Secretary of Defence Helene Quilter — the ministry’s chief executive, working to Minister for Defence Ron Mark — will take up the role when her current five-year appointment expires at the end of June. It’s not clear at this stage who will move into her present role.

Helene Quilter

The Minister for State Services, Chris Hipkins, said she had taken on “one of the most senior roles in the public service” and was well qualified to do so. When required, she will be able to exercise all functions, duties and powers of the commissioner.

“Ms Quilter is a trusted public service leader with a track record of integrity, sound judgement and courage, and the Government is very pleased to make this appointment,” Hipkins said, pointing out she has a Master of Strategic Studies (Distinction) from Victoria University of Wellington.

Quilter fills a vacancy recently created when former deputy commissioner Debbie Power left the role to go the other way, back into the fold as chief executive of the Ministry of Social Development.

In the meantime, the acting deputy commissioner has been John Ombler, who held the role from 2008 to 2013 and went on to do some work around the Australian Public Service, before leading the Canterbury Earthquake Recovery Authority between 2014 and 2016.

‘Good progress’ on government’s gender pay gaps

As Deputy State Services Commissioner, Quilter will play a leading role in a concerted attempt to address gender pay gaps in the NZ public sector. According to Hipkins, “good progress” has already been made.

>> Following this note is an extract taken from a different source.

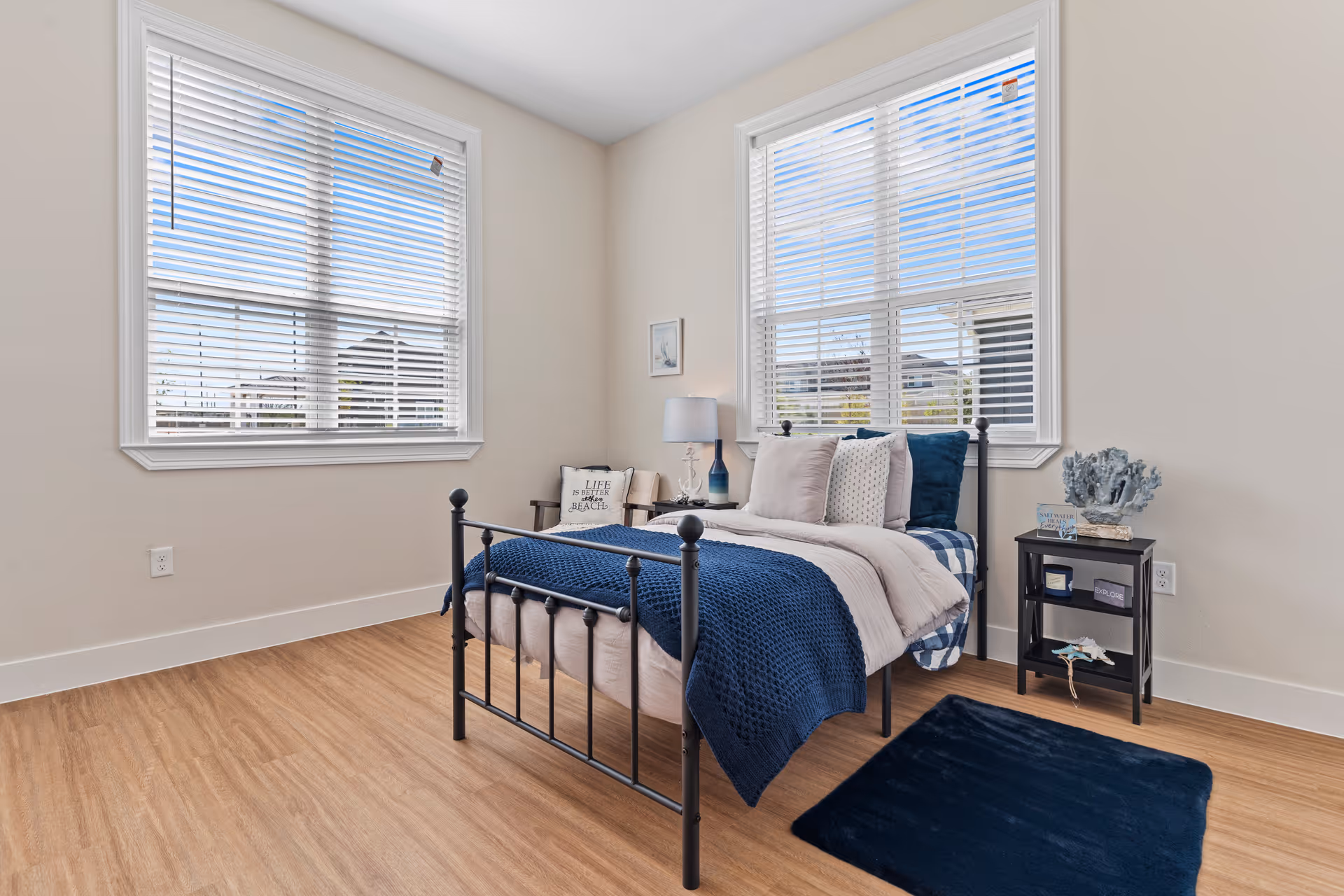A bright bedroom with two large windows with white blinds, a black metal bed frame with beige and navy blue bedding, a small black nightstand with decorative items, a navy blue rug on the wooden floor, and a chair with a cushion in the corner.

While his ministerial colleagues are working to reduce the gender pay gap in the wider economy through the Ardern government’s “Wellbeing Budget” the State Services Minister has a Gender Pay Gap and Pay Equity Taskforce that has recently provided new guidelines to government agencies via the State Services Commission.

“Currently, two thirds of public service agencies have no, or very small, gender pay gaps in starting salaries, or have concrete plans to ensure that gender isn’t a factor when it comes to pay,” said Hipkins.

He aims to eliminate all “gender pay gaps in starting salaries for the same roles” in the public service by the end of this year, and do the same for all positions by the end of 2020.

Julie Ann Genter, the Minister for Women, said discrepancies in starting salaries could have a “major effect” on the overall statistics and was pleased to see change occurring.

“I want to acknowledge the commitment of chief executives and their human resources teams for leading this complex work as part of our Gender Pay Gap Action Plan,” she added.

“This work is a first step on a journey, and agencies are at different stages. Agencies have different workforces and different issues driving their gaps. Some of these issues are more complex than others and may take longer to resolve. We’re making good progress but it’s going to take time.”